*** Block opens ***

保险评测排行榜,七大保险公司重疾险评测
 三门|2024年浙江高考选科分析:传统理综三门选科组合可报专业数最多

*** Block closes ***
*** Block opens ***

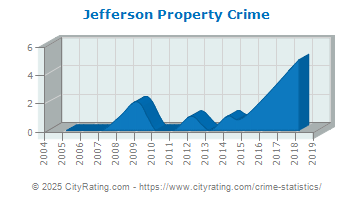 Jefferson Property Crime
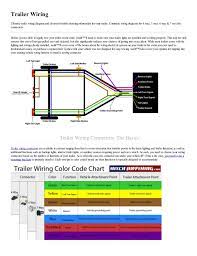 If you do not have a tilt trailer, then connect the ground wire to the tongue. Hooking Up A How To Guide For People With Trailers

*** Block closes ***

> [Try it]
Taking the records above, retype every line from the one with "保险评测排行榜,七大保险公司重疾险评测" down to the one with "三门|2024年浙江高考选科分析:传统理综三门选科组合可报专业数最多", exactly and with nothing else.

> [Answer to this task]
保险评测排行榜,七大保险公司重疾险评测
 三门|2024年浙江高考选科分析:传统理综三门选科组合可报专业数最多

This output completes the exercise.